Bonsall Unified School District formally opposes Moosa Creek Mitigation Bank – Reasons include: fire risk, property values, community sentiment

Published on March 27, 2014 by Joe Naiman

The opposition to the plans to close the San Luis Rey Downs golf course and turn the land into a mitigation bank will include a letter to the Army Corps of Engineers from Bonsall Unified School District superintendent Justin Cunningham.

Although the topic was a non-voting agenda item at the March 13 BUSD board meeting, the board members orally directed Cunningham to write a letter in opposition. The areas of concern included community sentiment, fire risk, and property values.

“It’s a fantastic community and this is something that seems to be pretty overwhelming that they don’t want this to occur,” Cunningham said.

Conservation Land Group, Inc., has an option to buy approximately 185 acres, including the golf course, from the Vessels family. CLG is a mitigation bank management company and has filed an application with the Army Corps of Engineers to create the Moosa Creek Mitigation Bank. The property includes approximately 38 acres of wetlands and 5.75 acres of non-wetland waters, and CLG would rehabilitate and re-establish riverline and depressional wetlands and restore wetland and non-wetland riparian habitat.

If the Army Corps of Engineers approves the land as a mitigation bank, developers of property elsewhere could purchase mitigation credits which would be used to fulfill those projects’ off-site mitigation requirements. The Army Corps of Engineers will evaluate impacts to the public interest during its decision whether to authorize the land as a mitigation bank.

Cunningham once lived in the Scripps Ranch area of San Diego. Although he moved from Scripps Ranch prior to the October 2003 Cedar Fire, his former home burned to the ground during that fire. “I worry every time a Santa Ana comes along,” Cunningham said.

Cunningham feels more comfortable with the golf course than with a mitigation bank. “It’s a beautiful golf course.
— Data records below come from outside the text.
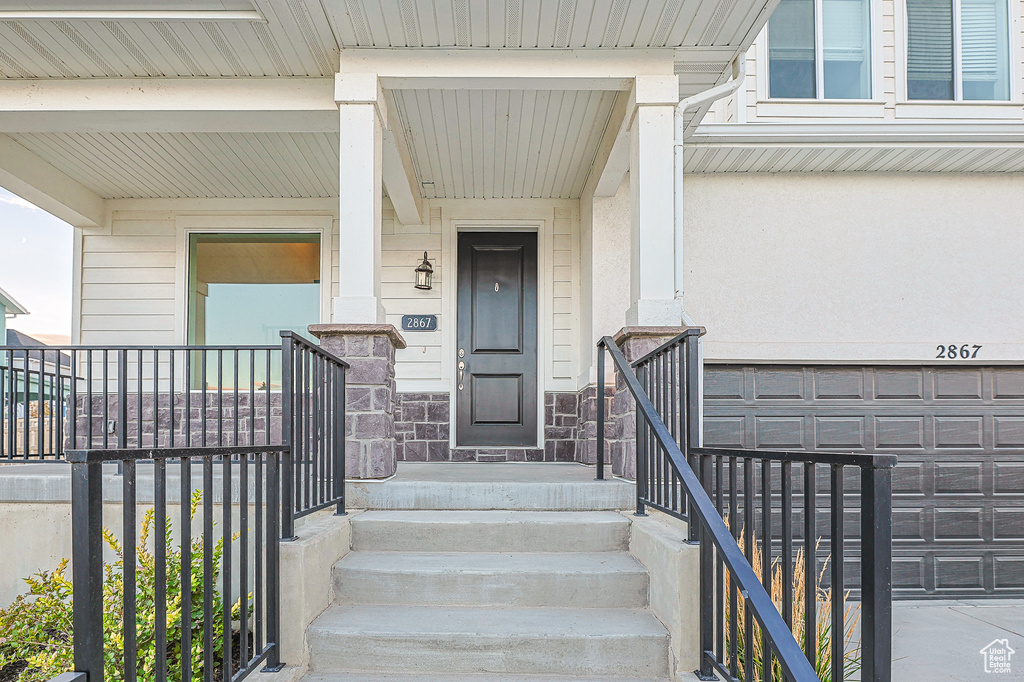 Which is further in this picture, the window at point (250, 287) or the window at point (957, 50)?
the window at point (250, 287)

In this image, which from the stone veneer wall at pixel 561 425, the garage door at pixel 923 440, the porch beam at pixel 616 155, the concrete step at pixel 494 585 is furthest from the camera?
the stone veneer wall at pixel 561 425

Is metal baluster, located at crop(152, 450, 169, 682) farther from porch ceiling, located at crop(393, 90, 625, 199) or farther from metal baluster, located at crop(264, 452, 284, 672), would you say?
porch ceiling, located at crop(393, 90, 625, 199)

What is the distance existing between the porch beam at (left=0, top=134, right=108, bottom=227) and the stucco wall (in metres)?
4.77

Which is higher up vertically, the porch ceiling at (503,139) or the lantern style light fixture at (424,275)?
the porch ceiling at (503,139)

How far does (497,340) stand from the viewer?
5.95m

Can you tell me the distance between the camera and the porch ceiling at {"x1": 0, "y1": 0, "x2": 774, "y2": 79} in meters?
3.35

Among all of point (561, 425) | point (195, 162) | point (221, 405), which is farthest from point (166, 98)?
point (561, 425)

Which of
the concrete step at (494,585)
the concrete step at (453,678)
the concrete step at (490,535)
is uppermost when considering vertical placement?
the concrete step at (490,535)

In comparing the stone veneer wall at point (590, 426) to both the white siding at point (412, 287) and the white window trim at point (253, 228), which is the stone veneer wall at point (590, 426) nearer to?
the white siding at point (412, 287)

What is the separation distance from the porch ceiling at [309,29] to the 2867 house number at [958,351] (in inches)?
123

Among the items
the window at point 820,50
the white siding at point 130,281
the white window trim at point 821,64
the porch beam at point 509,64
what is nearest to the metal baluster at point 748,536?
the porch beam at point 509,64

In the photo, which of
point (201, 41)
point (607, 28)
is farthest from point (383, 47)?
point (607, 28)

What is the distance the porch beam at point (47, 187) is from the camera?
16.0 ft

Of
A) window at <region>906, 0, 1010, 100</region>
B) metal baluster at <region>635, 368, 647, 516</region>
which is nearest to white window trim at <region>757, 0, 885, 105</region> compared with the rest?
window at <region>906, 0, 1010, 100</region> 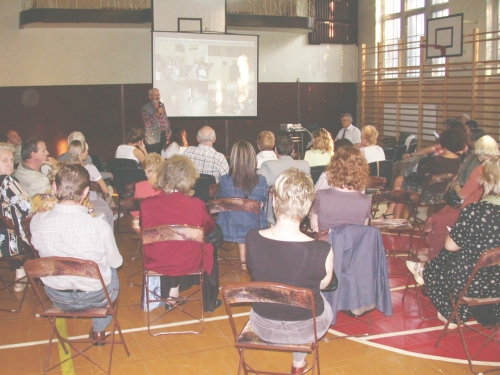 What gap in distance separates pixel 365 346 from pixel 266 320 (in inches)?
50.2

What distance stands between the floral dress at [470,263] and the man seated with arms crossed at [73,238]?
2175 millimetres

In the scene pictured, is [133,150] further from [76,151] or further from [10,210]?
[10,210]

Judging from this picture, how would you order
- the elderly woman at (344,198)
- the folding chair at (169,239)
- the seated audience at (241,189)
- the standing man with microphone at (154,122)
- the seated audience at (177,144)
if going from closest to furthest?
1. the folding chair at (169,239)
2. the elderly woman at (344,198)
3. the seated audience at (241,189)
4. the seated audience at (177,144)
5. the standing man with microphone at (154,122)

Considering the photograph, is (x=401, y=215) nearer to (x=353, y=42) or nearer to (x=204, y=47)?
(x=204, y=47)

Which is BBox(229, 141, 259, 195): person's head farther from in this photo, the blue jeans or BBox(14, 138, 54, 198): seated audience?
the blue jeans

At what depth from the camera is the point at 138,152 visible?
24.6 feet

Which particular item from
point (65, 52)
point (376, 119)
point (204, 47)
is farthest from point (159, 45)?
point (376, 119)

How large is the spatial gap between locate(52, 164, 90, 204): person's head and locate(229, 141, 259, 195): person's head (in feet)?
6.48

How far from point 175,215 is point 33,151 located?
190 centimetres

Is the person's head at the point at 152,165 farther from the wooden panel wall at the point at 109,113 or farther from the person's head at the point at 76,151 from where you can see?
the wooden panel wall at the point at 109,113

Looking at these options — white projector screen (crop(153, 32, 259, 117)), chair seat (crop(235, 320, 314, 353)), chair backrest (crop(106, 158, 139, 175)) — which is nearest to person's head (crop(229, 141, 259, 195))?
chair backrest (crop(106, 158, 139, 175))

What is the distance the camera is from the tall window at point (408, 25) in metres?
12.1

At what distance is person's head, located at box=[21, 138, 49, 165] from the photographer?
5.32 m

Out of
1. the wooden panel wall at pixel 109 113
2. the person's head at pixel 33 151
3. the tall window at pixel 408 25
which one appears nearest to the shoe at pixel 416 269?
the person's head at pixel 33 151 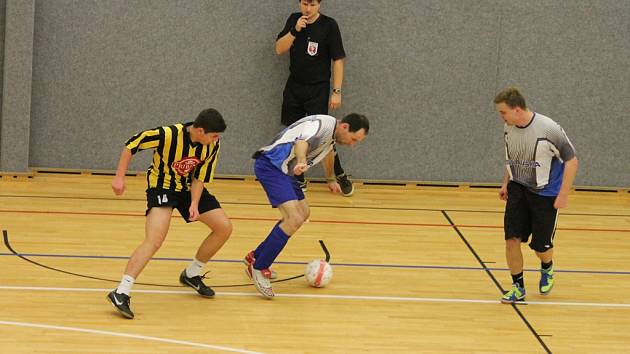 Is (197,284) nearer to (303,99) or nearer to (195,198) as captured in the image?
Answer: (195,198)

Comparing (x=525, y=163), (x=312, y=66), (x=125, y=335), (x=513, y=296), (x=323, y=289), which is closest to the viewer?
(x=125, y=335)

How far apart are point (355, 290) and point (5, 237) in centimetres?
306

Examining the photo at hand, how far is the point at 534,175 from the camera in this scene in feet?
23.3

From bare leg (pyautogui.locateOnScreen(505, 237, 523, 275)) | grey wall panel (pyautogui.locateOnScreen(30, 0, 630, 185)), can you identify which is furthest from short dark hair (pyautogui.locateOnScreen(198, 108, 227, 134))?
grey wall panel (pyautogui.locateOnScreen(30, 0, 630, 185))

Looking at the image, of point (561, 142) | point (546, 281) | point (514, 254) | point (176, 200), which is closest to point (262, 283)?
point (176, 200)

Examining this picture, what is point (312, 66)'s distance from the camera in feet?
35.5

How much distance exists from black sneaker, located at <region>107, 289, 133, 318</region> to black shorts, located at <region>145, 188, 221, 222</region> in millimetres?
604

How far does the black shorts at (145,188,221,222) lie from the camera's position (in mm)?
6891

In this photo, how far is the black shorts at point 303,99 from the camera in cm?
1084

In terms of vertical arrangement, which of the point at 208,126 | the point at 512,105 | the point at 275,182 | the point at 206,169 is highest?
the point at 512,105

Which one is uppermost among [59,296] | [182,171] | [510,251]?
[182,171]

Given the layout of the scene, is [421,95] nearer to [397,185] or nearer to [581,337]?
[397,185]

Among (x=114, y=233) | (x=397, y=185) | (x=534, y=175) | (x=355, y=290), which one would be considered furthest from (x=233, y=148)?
(x=534, y=175)

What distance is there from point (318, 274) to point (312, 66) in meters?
3.83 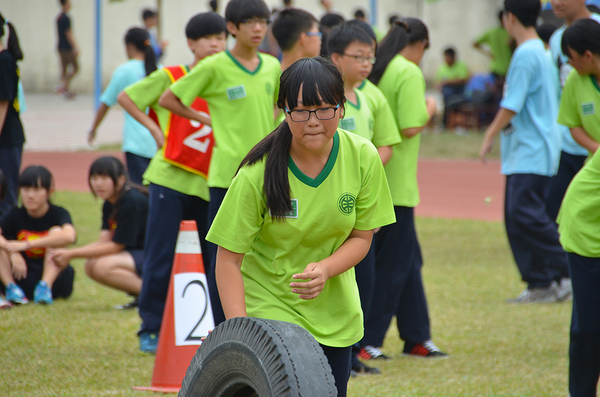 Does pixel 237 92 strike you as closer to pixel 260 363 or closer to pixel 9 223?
pixel 260 363

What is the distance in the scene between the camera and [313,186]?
2549mm

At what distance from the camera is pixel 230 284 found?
2.53 metres

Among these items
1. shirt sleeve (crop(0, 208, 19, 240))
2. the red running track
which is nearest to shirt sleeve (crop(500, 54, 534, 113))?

It’s something that would be a fire buffer,” he said.

The school district’s costs as well as the risk of fire to families was one of the district’s concerns. “If it does get overgrown and becomes a fire hazard, what does that do to our fire insurance?” Cunningham said.

Although some residents value open space in a natural state, the desire of nearby residents not to have the risk of fire or transients and the desire to have nearby amenities such as a golf course or tennis courts could lead to a reduction in property values of homes in the nearby area. Since the school district receives revenue from property taxes, if the mitigation bank leads to a decline in property values the school district could also be adversely affected. “Bonded indebtedness becomes an issue if property values go down,” Cunningham said.

Cunningham compared Bonsall to Poway in the 1970s. The Poway Unified School District includes Poway, Rancho Bernardo, Rancho Penasquitos, and 4-S Ranch. “It’s got a reputation for having good schools,” Cunningham said.

Cunningham noted that families often buy more expensive homes due to the school district’s reputation. “When people move in because they want good schools they get good schools,” he said.

One Response to Bonsall Unified School District formally opposes Moosa Creek Mitigation Bank – Reasons include: fire risk, property values, community sentiment

  1. Kathy Reply

    April 1, 2014 at 5:04 pm

    Isn’t that just swell. These people obviously don’t have enough to do with managing schools so they’ve branched out into land use decisions too. Just go away, please!!!